The art of pasta at Veritas Tavern

Anthony Dominic, Crave
Owner and head chef Josh Dalton rolls out a sheet of pea pasta.

Pasta is an exact science at Veritas Tavern. Chef and owner Josh Dalton has one recipe committed to memory-inspired by that of chef Thomas Keller-which he and his kitchen team employ daily to craft every piece of fettuccine, gnocchi and ravioli served at Veritas and sister restaurant 1808 American Bistro, both in Delaware. Here's how they do it.

1. Milling around

Chefs mill organic heirloom grains from Anson Mills to produce flour unique to the restaurant. Each pasta batch begins with 900 grams (roughly 12 to 20 servings) of this flour. If Dalton is making specialty pasta, such as dark chocolate ravioli or pea fettuccini, he replaces 100 grams of flour with an equal amount of cacao powder or powdered freeze-dried veggies, respectively. "Flour is a vessel to carry the flavors," Dalton says. "Or, theoretically, it's a really subtle way to mute some flavors. It's all about adjusting your sauce or other ingredients to achieve that desired balance."

2. Can't make pasta without cracking a few…

Crack a standard supermarket egg, and you'll likely find a pale, runny yolk. For his pastas, Dalton uses organic eggs laid by free-range chickens for their richer, brighter yolks. "Our pasta comes out a crazy, intense yellow," he says. "You can just tell it has a different flavor and texture." He occasionally uses duck eggs, which contain even fuller yolks. Dalton also adds whole eggs to his mix (a 2:1 yolk-whole egg ratio) to make the dough more adhesive.

3. Tying it all together

You'll find familiar pasta at Veritas year-round, but rarely will it be presented the same way twice. Seasonal veggies aren't only added onto the plate but into the pasta as well. Come spring, expect pea fettuccine with ramps and morels. In summer, tomato fettuccine and bright, citrus-spiked pasta salad served cold. Dalton also makes chocolate ravioli (made slightly bitter, not overly sweet, with cacao powder) with mascarpone filling for dessert. It's not always about what can be added to the pasta dishes, he says, but rather what can be taken away. "There's no sugar in our pasta," he says. "It's easy to add butter, cream and fat into a dish and make it tasty. We're always looking for ways to achieve those bright, super-clean flavors."

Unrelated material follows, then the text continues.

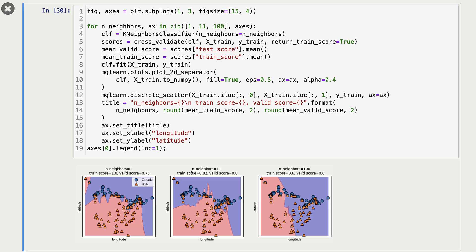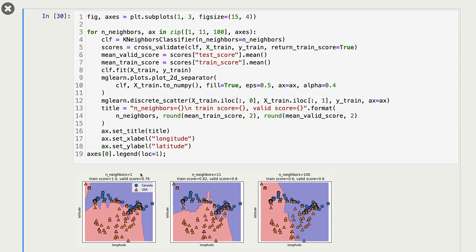With n_neighbors=11, this middle plot shows train score of 0.82 and validation score of 0.80 — kind of a sweet spot. The decision boundary is not too pointy and doesn't try to get every training example correct. Training score dropped a bit compared to n_neighbors=1, but validation score improved. So n_neighbors=1 gives overfitting with a complex boundary, and n_neighbors=100 gives underfitting with a simple boundary and many misclassified training examples.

Pasta fun facts from Veritas Tavern

  • If you're served a plate of gray pasta, don't fret. Dalton sometimes supplements his pasta flour with edible dirt or ash from charred vegetables. "Ash is a lot of fun to work with and adds a really nice, earthy flavor," he says.
  • Every ingredient at Veritas is measured using the metric system. "I think it's the most important thing we do in the kitchen," he says. "Cooking by weight is how you get the most consistent product. One thing all people should have at their house is a scale that does grams."
  • The secret to Veritas' delicate gnocchi ? Cake flour. "It produces a lighter note and almost actually tastes cake-like," Dalton says.
  • Dalton's standard pasta recipe is finished with 16 grams of olive oil and 48 grams of milk, both for added richness and texture.